Israeli high-tech is breaking records despite two and a half years of war, but there is one troubling caveat. In 2025, a 1.1% decline was recorded for the first time ever in the number of employees in Research and Development (R&D) roles in Israel, according to the State of Israeli High-Tech 2025 report published by the Aaron Institute for Economic Policy at Reichman University.
The report’s author, Dr. Sergei Sumkin, said it is too early to determine a definitive cause for this slight decline, which may stem from a range of factors, but it requires close monitoring by policymakers to ensure it is not a sign of brain drain.
The Aaron Institute offers a possible explanation tied to the maturation of high-tech companies. Alongside the drop in development roles, there was a 10% increase in product positions. However, the institute stresses the data requires close tracking to ensure the center of gravity of Israeli innovation is not weakened and the economy continues to generate the next generation of startups.
The data showing a decline, still modest at this stage, in R&D jobs aligns with recent discussions in Israeli high-tech about the dispersal of development personnel outside Israel. This marks a significant shift. Until now, the prevailing view was that startups that begin sales operations hire marketing and sales staff abroad, while development remains a “sacred cow” in Israel.
R&D positions are the core of the local high-tech sector, not only for startups but also for large Israeli and international companies. According to the report, these roles still account for 50% of high-tech employment, compared with 44% in 2017 and 37% in 2012.
In recent years, cracks in this assumption have begun to appear due to the ongoing war, which has caused repeated delays in development because many tech employees are serving in reserve duty, difficulties reaching clients due to reduced flights from Israel and periods of escalation that slow work activity.
Recently, even startups, not just large or mature companies, have begun hiring developers outside Israel. The most concerning trend is the recruitment of former Israelis living in the United States or other countries such as Portugal for development roles, creating Israeli companies in every sense, both in founders and employees, that are based abroad.
The most recent example is cybersecurity company Artemis, which recently raised $70 million in two closely spaced funding rounds. Its founders are Israeli, it is based in the United States and employs many Israelis there, but it has no development center in Israel.
That covers the negative data.

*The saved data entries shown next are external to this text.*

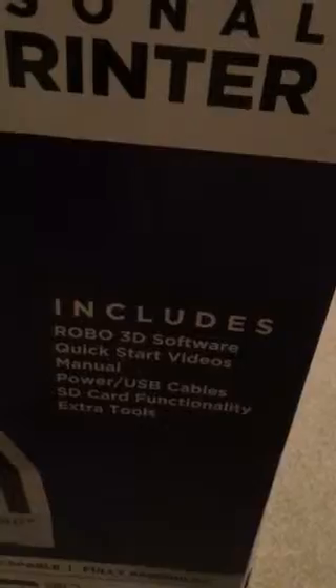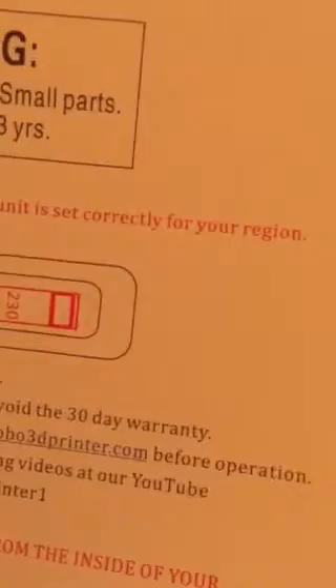That's what's included. I've already broke the seal. We have a USB drive with sample print stuff. There's a warning about choking hazards and voltage. It's got a 30-day warranty, but there's also a 6-month warranty for parts past the 30 days.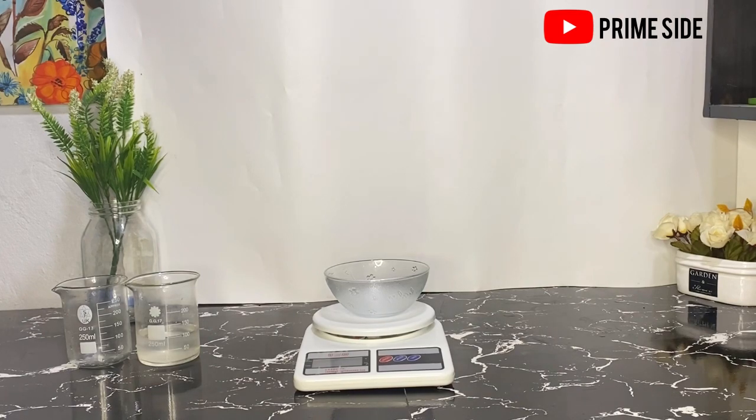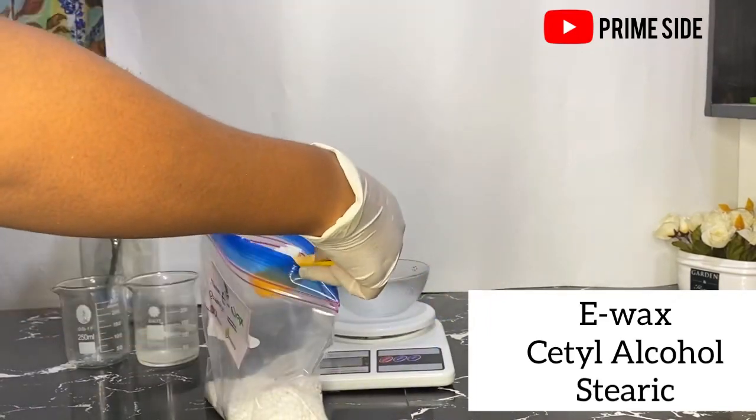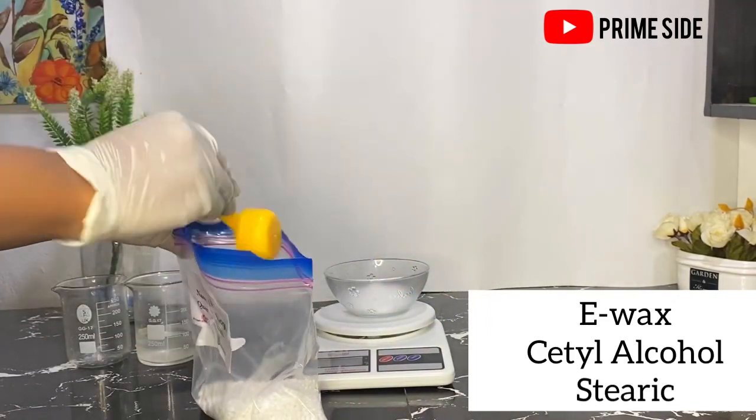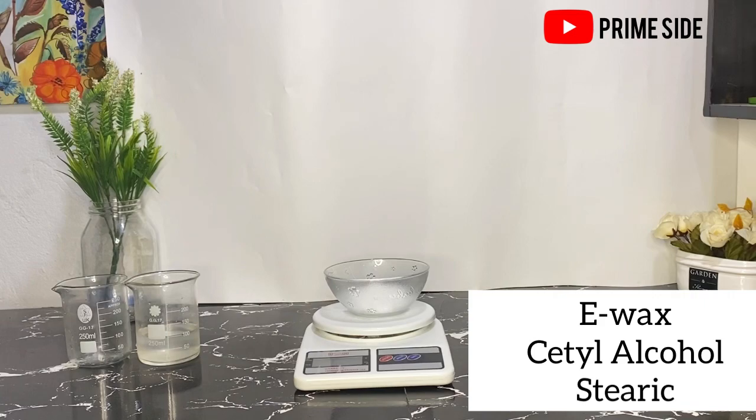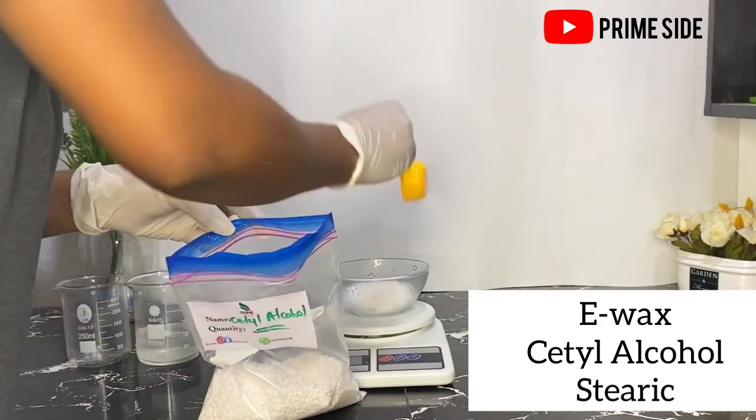Here I'll be measuring my e-wax. I need 40 grams of wax total, so I'll be having e-wax, cetyl alcohol, and stearic acid all together to be 40 grams.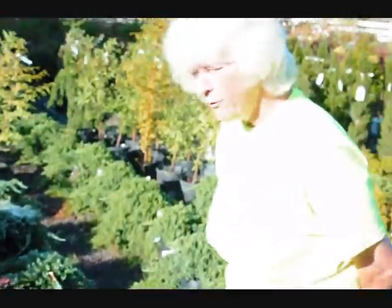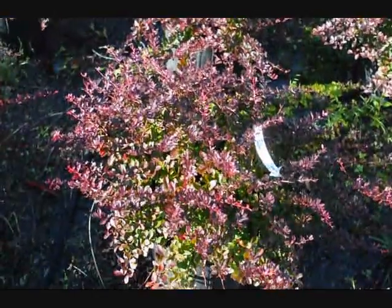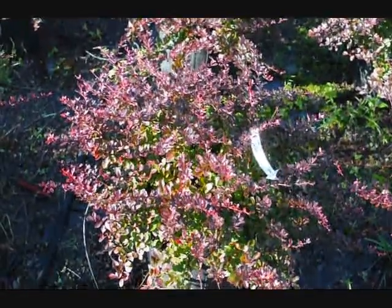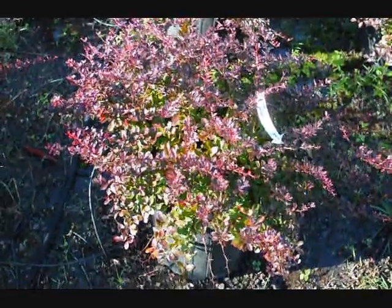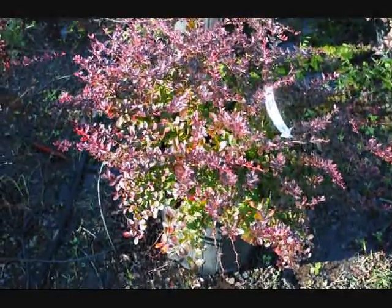Good morning, you're at Highland Hill Farm looking at the pygmy barberry. Beautiful little plant, nice red color. You can see a little bit of green on the inside, so you have a multiple colored piece. It will sit in heavy sun and give you a nice red color.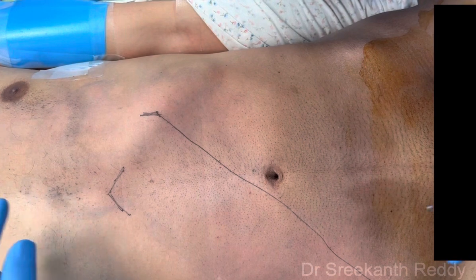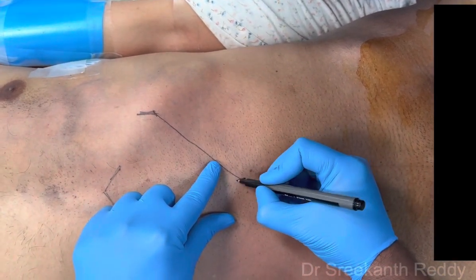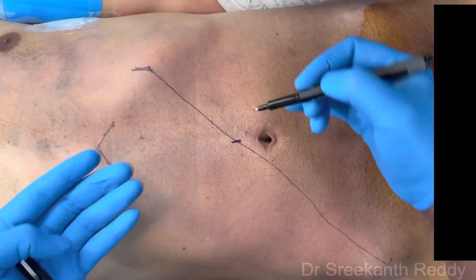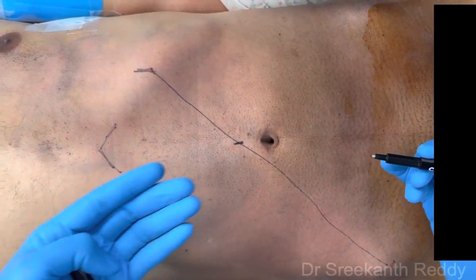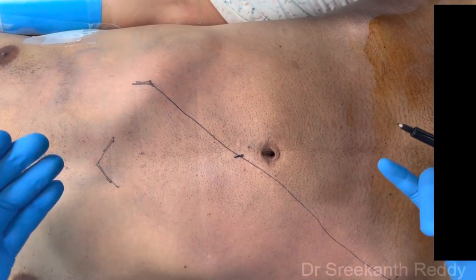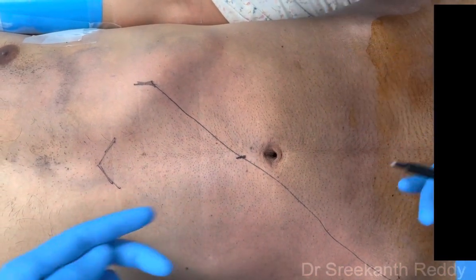This can be done by a single docking method. First, we put a camera port 1 cm above the umbilicus. In laparoscopic surgery you give a 4-finger breadth margin, but in robotic surgery 8 cm margin is preferred. This is a normal abdomen — in case of an insufflated abdomen, even though it is narrow, you will get more space.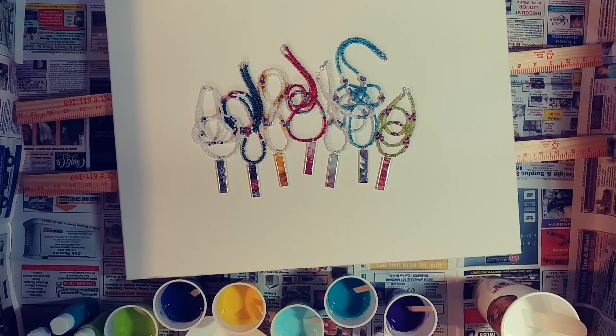Hi guys, I'm back. I can see the whole canvas is not on the screen — I'm sorry about that, but I have to center it in the table. When we're all done, I'll try to get an entire shot of the whole painting.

The rest of the report presents an encouraging picture of Israel’s most important growth sector, which has continued to function despite the longest war in the country’s history. 2025 was a record-breaking year not only for exits and capital raising but also for productivity gains driven by the expanding use of AI and a sharp rise in overall employment in high-tech, particularly in the defense industry.
After two years of stagnation in employment numbers, high-tech jobs reached 570,000, representing 16.3% of Israel’s total workforce, a return to growth for the first time since October 2023 and placing Israel first in the world in the share of high-tech employment. However, this level has not yet returned to the peaks seen before October 7.
Despite concerns about declining demand for workers due to the AI revolution, the Aaron Institute believes the government’s target of 20% high-tech employment by 2035 is still achievable, though challenging. Reaching it would require annual growth of 3.5%, while in 2025 the increase was only 2.8%.
Dr. Sergei Sumkin, author of the reportPhoto: Oren ShalevThe report also shows a 4.7% rise in productivity in high-tech, despite challenges stemming from the war and the strengthening of the shekel. Sumkin estimates the increase is driven by widespread adoption of AI tools within companies and does not expect AI to negatively affect employment.
According to recently published Anthropic data, Israel ranks first in the world in Claude usage relative to the working-age population.
In the broader view, Sumkin describes high-tech as Israel’s flagship. The 2025 statistics reinforce that characterization. The sector accounted for one-fifth of GDP, one quarter of direct tax revenues and contributed 45% of economic growth. The Wiz acquisition by Google alone contributed 0.5% to reducing the deficit. High-tech exports reached an all-time record of 57%, while defense exports have more than doubled over the past five years.